Один из них мне признался: «Моя была камера. Я здесь спал». И показал место, где стояла его кровать. Смуглолицый, цыганского вида, с черной как смоль бородой, крючковатые пальцы с толстыми ногтями, сидит за убийство. Другие подают о. Евгению записки: «Прошу вызвать для православной беседы». О. Евгений обещает вызвать, но не всех сразу, по очереди. Очередь же движется медленно: о. Евгению не так уж часто приходится здесь бывать, поскольку это не храм, не приход, не основное место службы.
Заключенные особенно просят вызвать Галкина: «Галкин хочет повеситься». — «Хорошо, вызову. А Васенков как?» — «Васенков повесился». Такой происходит разговор… Разговор, кажущийся мне соединительной черточкой между словами: тюрьма — часовня, часовня — тюрьма. Да, глазок — щелочка, разговор — черточка, судьба — ниточка — сколько их оборвалось здесь, таких ниточек, таких судеб! Сколько было Васенковых — ив тридцатые, и в сороковые, и в пятидесятые — с такими судьбами, с оборвавшимися и обвисшими концами нитей, и над ними Некто один, неназываемый и недоступный.

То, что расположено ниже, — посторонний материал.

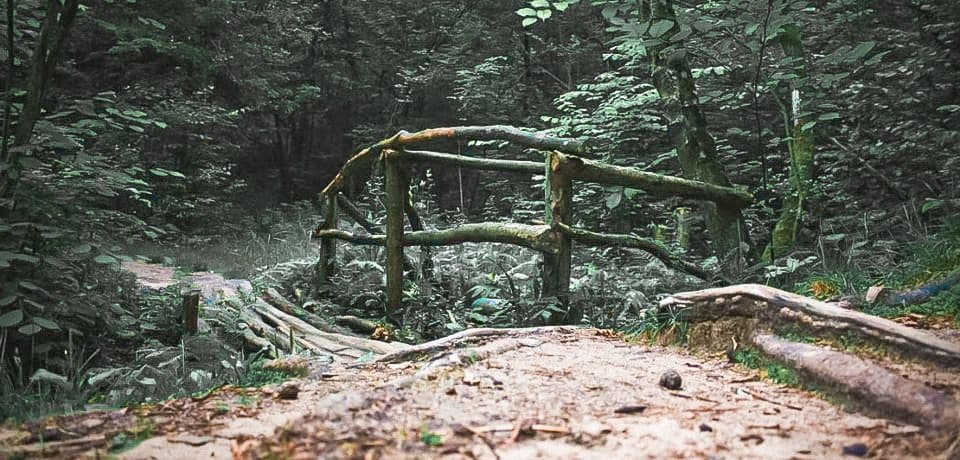 Kleboniškio miško parkas #2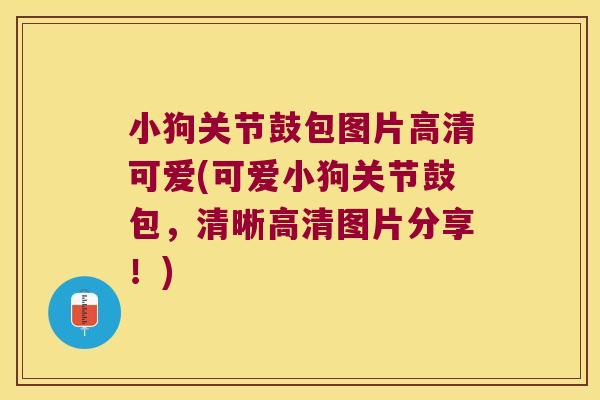 小狗关节鼓包图片高清可爱(可爱小狗关节鼓包，清晰高清图片分享！)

Властелин судьбы, держатель всех нитей — он тоже смотрит сквозь стены. Я еще не отличаю его взгляд от взглядов других, погибших и безымянных, но испытываю неотвязное чувство, что он рядом, и только когда Алла Александровна читает по внутреннему радио тюрьмы стихи, написанные Даниилом Леонидовичем здесь, в сорок пятой, его облик проступает из тьмы:
О триумфах, иллюминациях, гекатомбах,
Об овациях всенародному палачу,
О погибших и погибающих в катакомбах
Нержавеющий и незыблемый стих ищу.
Ну конечно же он, «всенародный палач»! И чувство, и мысль о нем неотвязно преследовали, не могли не преследовать в этих стенах: где ад, там и демон.

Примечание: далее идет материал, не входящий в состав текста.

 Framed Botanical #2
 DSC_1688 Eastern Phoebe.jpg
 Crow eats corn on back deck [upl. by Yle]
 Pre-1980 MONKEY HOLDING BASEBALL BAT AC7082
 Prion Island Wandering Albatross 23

И свидетельство о склонившемся к нашим мукам
Темном Демоне, угасающем все огни,
Ты преемникам — нашим детям и нашим внукам,
Как чугунная усыпальница, сохрани!
Глава двадцатая
ТЕМНЫЙ ПАСТЫРЬ
В «Розе Мира» он назван темным пастырем. И среди всех разоблачительных портретов, как прижизненных («Тараканьи смеются усища»), так и посмертных, этот — особенный, раскрывающий потусторонний смысл его земных деяний, портрет в темно — фиолетовых, фосфоресцирующих, с багряными отблесками, инфернальных тонах: «Каждая из инкарнаций этого существа была как бы очередной репетицией. В предпоследний раз он явился на исторической арене в том самом облике, который с гениальной метаисторической прозорливостью запечатлел Достоевский в «Великом инквизиторе» Это не был Торквемада или кто‑либо другой из крупнейших руководителей этого сатанинского опыта; но и к рядовым работникам инквизиции он не принадлежал. Он появился уже на некотором спаде политической волны, и в течение его многолетней жизни ему стало ясно, что превратить Католическую церковь в послушный механизм Гагтунгра (имя высшего из демонических существ, населяющих иноматериальный мир нашей планеты. — Л. Б.), в путь ко всемирной тирании не удастся. Но опыт деятельности в русле инквизиции очень много дал этому существу, развив в нем жажду власти, жажду крови, садистическую жестокость и в то же время наметив способы связи между инспирацией Гагтунгра, точнее — Урпарпа (одна из ипостасей Гагтунгра. — Л. Б.), и его дневным сознанием. Эта инспирация стала восприниматься временами уже не только через подсознательную сферу, как раньше, а непосредственно подаваться в круг его бодрствующего ума. Есть специальный термин: хохха. Он обозначает сатанинское восхищение, то есть тип таких экстатических состояний, когда человек вступает в общение с высокими демоническими силами не во сне, не в трансе, а при полной сознательности. Теперь, в XVI веке, в Испании хохха стала доступна этому существу. Оно достигло ступени осознанного сатанизма».